> _YOUR GOAL_
Would you restate all the data that follows, word for word?

> _INPUT FOR THIS TASK_
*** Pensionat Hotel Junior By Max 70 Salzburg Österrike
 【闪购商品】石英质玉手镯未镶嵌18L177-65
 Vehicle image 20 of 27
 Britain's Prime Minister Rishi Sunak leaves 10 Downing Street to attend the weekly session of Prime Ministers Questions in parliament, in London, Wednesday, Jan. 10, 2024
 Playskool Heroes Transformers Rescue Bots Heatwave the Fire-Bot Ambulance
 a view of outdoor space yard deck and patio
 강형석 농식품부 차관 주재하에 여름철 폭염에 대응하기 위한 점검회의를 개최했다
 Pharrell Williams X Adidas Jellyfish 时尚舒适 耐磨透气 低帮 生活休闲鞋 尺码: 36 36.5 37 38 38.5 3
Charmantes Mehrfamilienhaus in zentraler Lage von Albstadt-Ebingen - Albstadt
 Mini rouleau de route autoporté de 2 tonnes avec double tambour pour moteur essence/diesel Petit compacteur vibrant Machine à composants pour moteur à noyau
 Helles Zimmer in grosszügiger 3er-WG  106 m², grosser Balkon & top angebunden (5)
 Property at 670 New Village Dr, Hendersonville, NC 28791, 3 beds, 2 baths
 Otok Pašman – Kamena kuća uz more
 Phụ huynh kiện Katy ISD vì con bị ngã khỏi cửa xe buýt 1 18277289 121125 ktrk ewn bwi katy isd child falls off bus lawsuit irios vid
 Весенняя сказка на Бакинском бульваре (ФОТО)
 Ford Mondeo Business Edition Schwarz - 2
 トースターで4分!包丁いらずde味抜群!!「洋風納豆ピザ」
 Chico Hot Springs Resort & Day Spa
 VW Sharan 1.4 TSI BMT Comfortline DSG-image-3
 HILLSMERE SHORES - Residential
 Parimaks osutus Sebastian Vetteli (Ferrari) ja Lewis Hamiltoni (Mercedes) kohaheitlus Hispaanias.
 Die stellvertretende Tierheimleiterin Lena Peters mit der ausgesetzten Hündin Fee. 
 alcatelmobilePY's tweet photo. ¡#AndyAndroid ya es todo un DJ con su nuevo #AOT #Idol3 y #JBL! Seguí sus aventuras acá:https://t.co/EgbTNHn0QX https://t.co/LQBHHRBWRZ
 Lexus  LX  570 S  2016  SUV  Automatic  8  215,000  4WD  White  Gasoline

> _EXERCISE OUTPUT_
*** Pensionat Hotel Junior By Max 70 Salzburg Österrike
 【闪购商品】石英质玉手镯未镶嵌18L177-65
 Vehicle image 20 of 27
 Britain's Prime Minister Rishi Sunak leaves 10 Downing Street to attend the weekly session of Prime Ministers Questions in parliament, in London, Wednesday, Jan. 10, 2024
 Playskool Heroes Transformers Rescue Bots Heatwave the Fire-Bot Ambulance
 a view of outdoor space yard deck and patio
 강형석 농식품부 차관 주재하에 여름철 폭염에 대응하기 위한 점검회의를 개최했다
 Pharrell Williams X Adidas Jellyfish 时尚舒适 耐磨透气 低帮 生活休闲鞋 尺码: 36 36.5 37 38 38.5 3
Charmantes Mehrfamilienhaus in zentraler Lage von Albstadt-Ebingen - Albstadt
 Mini rouleau de route autoporté de 2 tonnes avec double tambour pour moteur essence/diesel Petit compacteur vibrant Machine à composants pour moteur à noyau
 Helles Zimmer in grosszügiger 3er-WG  106 m², grosser Balkon & top angebunden (5)
 Property at 670 New Village Dr, Hendersonville, NC 28791, 3 beds, 2 baths
 Otok Pašman – Kamena kuća uz more
 Phụ huynh kiện Katy ISD vì con bị ngã khỏi cửa xe buýt 1 18277289 121125 ktrk ewn bwi katy isd child falls off bus lawsuit irios vid
 Весенняя сказка на Бакинском бульваре (ФОТО)
 Ford Mondeo Business Edition Schwarz - 2
 トースターで4分!包丁いらずde味抜群!!「洋風納豆ピザ」
 Chico Hot Springs Resort & Day Spa
 VW Sharan 1.4 TSI BMT Comfortline DSG-image-3
 HILLSMERE SHORES - Residential
 Parimaks osutus Sebastian Vetteli (Ferrari) ja Lewis Hamiltoni (Mercedes) kohaheitlus Hispaanias.
 Die stellvertretende Tierheimleiterin Lena Peters mit der ausgesetzten Hündin Fee. 
 alcatelmobilePY's tweet photo. ¡#AndyAndroid ya es todo un DJ con su nuevo #AOT #Idol3 y #JBL! Seguí sus aventuras acá:https://t.co/EgbTNHn0QX https://t.co/LQBHHRBWRZ
 Lexus  LX  570 S  2016  SUV  Automatic  8  215,000  4WD  White  Gasoline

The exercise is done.